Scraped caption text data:
=== Begin Enclosure ===

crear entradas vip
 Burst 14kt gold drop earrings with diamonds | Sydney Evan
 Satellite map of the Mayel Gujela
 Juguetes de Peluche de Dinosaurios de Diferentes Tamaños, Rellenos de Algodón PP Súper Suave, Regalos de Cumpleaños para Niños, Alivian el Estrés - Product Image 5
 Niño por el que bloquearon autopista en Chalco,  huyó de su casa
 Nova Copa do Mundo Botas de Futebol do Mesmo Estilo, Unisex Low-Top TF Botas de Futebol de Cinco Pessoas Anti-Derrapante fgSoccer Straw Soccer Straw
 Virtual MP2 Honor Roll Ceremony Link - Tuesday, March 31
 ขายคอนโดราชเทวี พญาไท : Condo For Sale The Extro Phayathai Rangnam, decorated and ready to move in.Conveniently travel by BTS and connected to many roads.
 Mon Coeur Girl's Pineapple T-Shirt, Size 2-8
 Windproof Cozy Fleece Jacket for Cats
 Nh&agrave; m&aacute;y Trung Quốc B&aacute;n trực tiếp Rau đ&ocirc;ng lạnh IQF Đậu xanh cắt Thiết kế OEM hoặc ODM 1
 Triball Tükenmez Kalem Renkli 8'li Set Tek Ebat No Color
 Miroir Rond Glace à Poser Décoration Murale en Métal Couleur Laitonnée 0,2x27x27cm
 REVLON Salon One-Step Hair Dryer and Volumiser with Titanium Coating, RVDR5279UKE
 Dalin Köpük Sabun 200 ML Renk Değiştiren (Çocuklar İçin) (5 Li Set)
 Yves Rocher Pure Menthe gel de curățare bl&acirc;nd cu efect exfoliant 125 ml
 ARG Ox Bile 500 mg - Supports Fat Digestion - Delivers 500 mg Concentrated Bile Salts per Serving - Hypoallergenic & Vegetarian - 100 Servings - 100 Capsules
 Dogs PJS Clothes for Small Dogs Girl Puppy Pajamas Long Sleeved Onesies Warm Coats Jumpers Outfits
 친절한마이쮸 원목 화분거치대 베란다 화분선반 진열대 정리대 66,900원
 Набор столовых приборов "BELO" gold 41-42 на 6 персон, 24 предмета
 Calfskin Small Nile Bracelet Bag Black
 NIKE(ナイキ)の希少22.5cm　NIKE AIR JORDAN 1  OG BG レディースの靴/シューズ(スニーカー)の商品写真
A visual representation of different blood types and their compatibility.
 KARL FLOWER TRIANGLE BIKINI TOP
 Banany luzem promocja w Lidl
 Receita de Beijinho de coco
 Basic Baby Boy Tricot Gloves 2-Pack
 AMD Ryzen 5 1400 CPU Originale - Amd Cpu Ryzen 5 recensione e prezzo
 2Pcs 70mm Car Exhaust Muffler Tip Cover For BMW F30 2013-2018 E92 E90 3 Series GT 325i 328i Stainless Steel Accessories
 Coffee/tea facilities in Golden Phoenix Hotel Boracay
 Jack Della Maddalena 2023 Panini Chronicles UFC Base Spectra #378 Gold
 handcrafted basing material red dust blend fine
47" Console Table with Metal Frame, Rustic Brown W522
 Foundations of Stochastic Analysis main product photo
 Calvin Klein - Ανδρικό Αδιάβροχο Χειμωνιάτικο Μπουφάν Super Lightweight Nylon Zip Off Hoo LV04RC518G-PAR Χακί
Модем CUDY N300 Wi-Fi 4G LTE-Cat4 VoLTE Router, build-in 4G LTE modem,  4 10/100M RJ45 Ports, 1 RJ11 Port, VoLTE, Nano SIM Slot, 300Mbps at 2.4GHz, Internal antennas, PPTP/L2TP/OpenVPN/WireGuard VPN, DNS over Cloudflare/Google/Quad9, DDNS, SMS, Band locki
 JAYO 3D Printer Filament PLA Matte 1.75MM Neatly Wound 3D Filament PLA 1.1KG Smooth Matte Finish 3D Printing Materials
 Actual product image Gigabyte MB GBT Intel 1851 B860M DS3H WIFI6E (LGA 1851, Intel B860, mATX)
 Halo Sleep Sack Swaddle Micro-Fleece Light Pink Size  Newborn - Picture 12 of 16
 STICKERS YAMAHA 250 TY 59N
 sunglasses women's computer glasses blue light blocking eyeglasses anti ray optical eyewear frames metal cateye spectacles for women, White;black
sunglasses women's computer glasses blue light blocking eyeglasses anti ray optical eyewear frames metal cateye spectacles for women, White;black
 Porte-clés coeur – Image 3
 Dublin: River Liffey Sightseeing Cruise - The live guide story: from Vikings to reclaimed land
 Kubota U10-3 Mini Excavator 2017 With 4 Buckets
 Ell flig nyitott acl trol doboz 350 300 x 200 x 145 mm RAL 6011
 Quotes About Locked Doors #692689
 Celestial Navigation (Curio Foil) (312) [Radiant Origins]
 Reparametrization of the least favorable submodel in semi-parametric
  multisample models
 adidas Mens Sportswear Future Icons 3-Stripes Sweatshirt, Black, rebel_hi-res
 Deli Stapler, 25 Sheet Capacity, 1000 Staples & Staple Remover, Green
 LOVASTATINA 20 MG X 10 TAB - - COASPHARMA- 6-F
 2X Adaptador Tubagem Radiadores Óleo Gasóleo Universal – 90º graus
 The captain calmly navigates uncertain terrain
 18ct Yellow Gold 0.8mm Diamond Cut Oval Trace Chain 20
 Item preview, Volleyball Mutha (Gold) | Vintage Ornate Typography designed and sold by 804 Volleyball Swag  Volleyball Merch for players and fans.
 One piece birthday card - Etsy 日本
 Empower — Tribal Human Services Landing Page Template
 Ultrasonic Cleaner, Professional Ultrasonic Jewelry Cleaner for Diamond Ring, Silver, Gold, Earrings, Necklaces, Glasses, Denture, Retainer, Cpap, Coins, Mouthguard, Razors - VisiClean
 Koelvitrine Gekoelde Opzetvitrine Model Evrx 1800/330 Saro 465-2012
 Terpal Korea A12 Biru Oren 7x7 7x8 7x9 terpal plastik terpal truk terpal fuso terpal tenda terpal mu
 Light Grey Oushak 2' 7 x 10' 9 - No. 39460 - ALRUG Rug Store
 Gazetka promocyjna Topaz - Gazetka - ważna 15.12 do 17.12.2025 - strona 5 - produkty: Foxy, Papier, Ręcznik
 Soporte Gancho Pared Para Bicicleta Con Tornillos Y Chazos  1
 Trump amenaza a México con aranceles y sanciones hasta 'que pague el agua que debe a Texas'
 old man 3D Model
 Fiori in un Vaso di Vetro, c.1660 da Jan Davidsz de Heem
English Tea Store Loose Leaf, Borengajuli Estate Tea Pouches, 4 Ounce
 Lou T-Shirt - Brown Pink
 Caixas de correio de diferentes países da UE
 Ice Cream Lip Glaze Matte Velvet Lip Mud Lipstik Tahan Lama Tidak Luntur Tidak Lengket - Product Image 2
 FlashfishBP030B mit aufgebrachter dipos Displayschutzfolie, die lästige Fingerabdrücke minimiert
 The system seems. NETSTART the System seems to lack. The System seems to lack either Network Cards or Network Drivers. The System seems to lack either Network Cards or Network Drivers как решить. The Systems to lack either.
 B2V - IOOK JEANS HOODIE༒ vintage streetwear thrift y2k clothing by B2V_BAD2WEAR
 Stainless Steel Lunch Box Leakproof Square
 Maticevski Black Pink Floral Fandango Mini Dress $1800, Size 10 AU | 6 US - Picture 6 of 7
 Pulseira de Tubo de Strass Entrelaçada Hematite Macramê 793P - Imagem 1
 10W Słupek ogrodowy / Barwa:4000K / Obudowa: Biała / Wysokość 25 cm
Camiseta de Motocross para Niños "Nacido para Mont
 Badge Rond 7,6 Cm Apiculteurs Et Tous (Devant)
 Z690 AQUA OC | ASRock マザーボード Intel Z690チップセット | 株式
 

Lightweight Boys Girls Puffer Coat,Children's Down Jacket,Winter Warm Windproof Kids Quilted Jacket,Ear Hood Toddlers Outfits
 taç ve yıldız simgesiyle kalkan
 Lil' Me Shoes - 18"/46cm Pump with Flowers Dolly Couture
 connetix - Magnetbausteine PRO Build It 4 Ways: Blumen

=== End Enclosure ===

_Problem_
Look through the entries above and quote exactly the lines from the line with "Quotes About Locked Doors #692689" to the line with "The captain calmly", counting both of those lines.

_Solution to this problem_
 Quotes About Locked Doors #692689
 Celestial Navigation (Curio Foil) (312) [Radiant Origins]
 Reparametrization of the least favorable submodel in semi-parametric
  multisample models
 adidas Mens Sportswear Future Icons 3-Stripes Sweatshirt, Black, rebel_hi-res
 Deli Stapler, 25 Sheet Capacity, 1000 Staples & Staple Remover, Green
 LOVASTATINA 20 MG X 10 TAB - - COASPHARMA- 6-F
 2X Adaptador Tubagem Radiadores Óleo Gasóleo Universal – 90º graus
 The captain calmly navigates uncertain terrain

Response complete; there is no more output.